- Created by: Sarah Mlynowski, Lauren Myracle, and Emily Jenkins
- Original work: Upside-Down Magic

Print publications
- Novel(s): Upside-Down Magic; Sticks & Stones; Showing Off; Dragon Overnight; Weather or Not; The Big Shrink; Hide and Seek; Night Owl;
- Graphic novel(s): no

Films and television
- Television film(s): Upside-Down Magic

= Upside-Down Magic =

US children's fantasy book series and its franchise

Upside-Down Magic is a Scholastic book series by Sarah Mlynowski, Lauren Myracle, and Emily Jenkins. The series follows eight kids in a world with magical abilities: Elinor "Nory" Boxwood Horace, Elliott Cohen, Bax Kapoor, Andres Padillo, Pepper Phan, Marigold Ramos, Willa Ingeborg, and Sebastian Boondoggle.

It was adapted into a 2020 television film for Disney Channel.

==Novels==
1. Upside-Down Magic (2015)
2. Sticks & Stones
3. Showing Off
4. Dragon Overnight
5. Weather or Not
6. The Big Shrink
7. Hide and Seek
8. Night Owl

==Magic Types (in the book series)==
===Flyers===
Flyers have the power of levitation, starting out by staying a few feet above the floor. Advanced Flyers are able to transport others, or have telekinesis.

===Fuzzies===
Fuzzies can communicate with animals and start out feeding animals and later connect with them. Certain Fuzzies can understand animal language.

===Fluxers===
Fluxers can turn into animals. They mostly start out fluxing into kittens, then move on to more difficult animals. The protagonist Nory, is an upside-down fluxer, that can add certain aspects of multiple different animals at once, like the squid-puppy.

===Flares===
See Pyrokinesis for the psychic power similar to the Flare power

Flares can set things on fire, heat things up, and create flames. The fire typically appears from their hands, but some can produce it from their mouth.

===Flickers===
Flickers can make other things invisible or make themselves invisible. Powerful Flickers are able to select parts of an object to turn invisible. In the film, due to budget constraints, Flickers have telekinesis.

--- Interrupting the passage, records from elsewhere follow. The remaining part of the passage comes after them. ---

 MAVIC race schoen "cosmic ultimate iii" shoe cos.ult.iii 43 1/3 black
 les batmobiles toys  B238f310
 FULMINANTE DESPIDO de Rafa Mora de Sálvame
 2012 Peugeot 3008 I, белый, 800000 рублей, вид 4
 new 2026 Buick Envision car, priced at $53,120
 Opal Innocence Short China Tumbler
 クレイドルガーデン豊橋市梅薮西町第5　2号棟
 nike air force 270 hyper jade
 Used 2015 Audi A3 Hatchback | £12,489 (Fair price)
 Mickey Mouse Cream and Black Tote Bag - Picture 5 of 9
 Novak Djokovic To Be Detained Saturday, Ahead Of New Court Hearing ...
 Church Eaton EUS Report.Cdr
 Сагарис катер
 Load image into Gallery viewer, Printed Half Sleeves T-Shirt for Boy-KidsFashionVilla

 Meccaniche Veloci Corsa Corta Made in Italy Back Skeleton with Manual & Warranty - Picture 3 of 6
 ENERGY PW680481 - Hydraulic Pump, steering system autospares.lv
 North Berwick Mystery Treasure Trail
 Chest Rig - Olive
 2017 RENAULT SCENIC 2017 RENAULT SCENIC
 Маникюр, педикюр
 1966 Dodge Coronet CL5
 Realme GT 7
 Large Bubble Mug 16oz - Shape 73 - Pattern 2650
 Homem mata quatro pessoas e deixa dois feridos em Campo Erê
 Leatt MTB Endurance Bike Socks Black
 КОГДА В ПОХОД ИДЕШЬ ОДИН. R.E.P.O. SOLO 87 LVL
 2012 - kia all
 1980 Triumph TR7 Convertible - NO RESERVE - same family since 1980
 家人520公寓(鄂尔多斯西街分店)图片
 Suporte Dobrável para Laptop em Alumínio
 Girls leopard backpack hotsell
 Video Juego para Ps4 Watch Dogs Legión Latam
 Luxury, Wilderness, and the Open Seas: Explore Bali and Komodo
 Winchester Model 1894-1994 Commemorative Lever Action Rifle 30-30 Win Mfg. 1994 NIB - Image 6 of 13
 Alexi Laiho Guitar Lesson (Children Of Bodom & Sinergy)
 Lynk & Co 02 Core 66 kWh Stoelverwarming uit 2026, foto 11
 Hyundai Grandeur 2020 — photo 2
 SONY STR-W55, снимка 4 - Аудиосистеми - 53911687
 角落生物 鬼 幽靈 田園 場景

===Upside Down Magic (UDM)===
UDM is an unconventional power, usually a variant or opposite of the above five. For example, Bax Kapoor is a Fluxer who turns into rocks and other inanimate objects. Also, Elliot Cohen can produce ice and fire as a Flare. Sometimes it's just random, and not related to one of the five, like Marigold Ramos who has the ability to shrink objects.

=== Double-Talents ===
Double talents are rare and possess two types of magic. For example, Mitali is a Flare-Fluxer who turns into animals who are able to perform flare magic.

==Film adaptation==

Disney Channel optioned the book series in 2015. Production on a Disney Channel Original Movie starring Izabela Rose, Siena Agudong, Vicki Lewis, Kyle Howard, Elie Samouhi, Alison Fernandez, and Max Torina began in August 2019. The television film also features Cynthia Kaye McWilliams, Elaine Kao, Yasmeen Fletcher, Amitai Marmorstein, and Callum Seagram Airlie, and premiered on Disney Channel on July 31, 2020. In the film the only UDM students are Pepper Paloma (Alison Fernandez), Nory Horace (Izabela Rose), Elliot Cohen (Elie Samouhi), and Andres Padillo (Max Torina). A typical Flare named Reina Carvajal (Siena Agudong) is also introduced in the film.